The objectives of this problem set is to gain experience working with the ggplot2 package for data visualization. To do this we have been provided with a series of graphics, all created using the ggplot2 package. Our objective for this assignment will be writing the code necessary to exactly recreate the provided graphics.
This graphic is a traditional stacked bar chart. This graphic works on the mpg dataset, which is built into the ggplot2 library. This means that we can access it simply by ggplot(mpg, ....). There is one modification above in this default graphic. We renamed the legend for more clarity.
ggplot(mpg, aes(x = class, fill = trans)) +
geom_bar( ) +
guides(fill = guide_legend(title ="Transmission"))
This boxplot is also built using the mpg dataset. Notice the changes in the axis labels, and an altered theme_XXXX.
ggplot(mpg, aes(manufacturer, cty)) +
geom_boxplot() +
coord_flip() +
labs(y = "Highway Fuel Efficiency (miles/ gallon)",
x = "Vehicle Manufacturer") +
theme_bw() +
ggthemes::geom_rangeframe() +
theme(panel.grid.major = element_blank(),
panel.grid.minor = element_blank(),
panel.border = element_blank(),
axis.line = element_line())
This graphic is built with another dataset diamonds, a dataset also built into the ggplot2 package. For this one we used an additional package called ggthemes. We used it to reproduce this view.

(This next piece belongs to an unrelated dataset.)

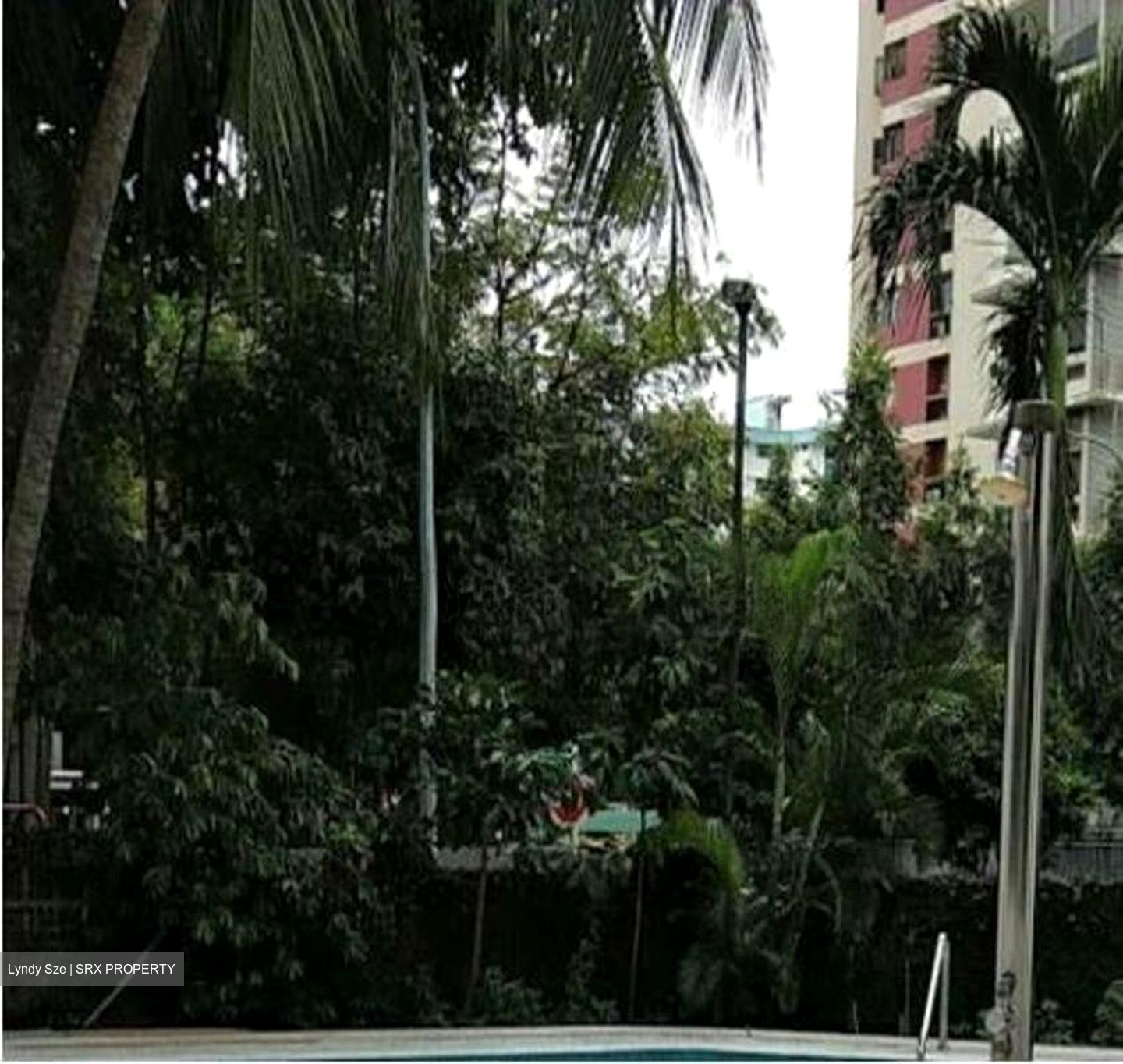 Rajah Tower (D12), Apartment #520667111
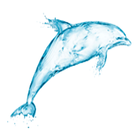 Widgets store: Dolphin Zeichen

ggplot(diamonds, aes(price, fill = cut)) +
geom_density(alpha = 0.2) +
labs(x = "Diamond Price (USD)",
y = "Density",
title = "Diamond Price Density") +
ggthemes::theme_economist()
For this plot, we are changing vis idioms to a scatter plot framework. Additionally, we are using ggplot2 package to fit a linear model to the data all within the plot framework. There are edited labels and theme modifications as well.
ggplot(iris, aes(Sepal.Length, Petal.Length)) +
geom_point() +
geom_smooth(method = 'lm') +
labs(x = "Iris Sepal Length",
y = "Iris Petal Length",
title = "Relation between Petal Length and Sepal Length") +
theme_bw() +
theme(panel.border = element_blank())
Finally, in this vis we extend on the last example, by plotting the same data but using an additional channel to communicate species level differences. Again, we fit a linear model to the data but this time one for each species, and add additional theme and labeling modicitations.
ggplot(iris, aes(Sepal.Length, Petal.Length, col = Species)) +
labs(x = "Iris Sepal Length",
y = "Iris Petal Length",
title = "Relation between Petal Length and Sepal Length",
subtitle = "Species Level Comparison") +
geom_point() +
geom_smooth(method = 'lm',
se = FALSE) +
theme_bw() +
theme(legend.position = "bottom",
panel.border = element_blank(),
panel.grid = element_blank())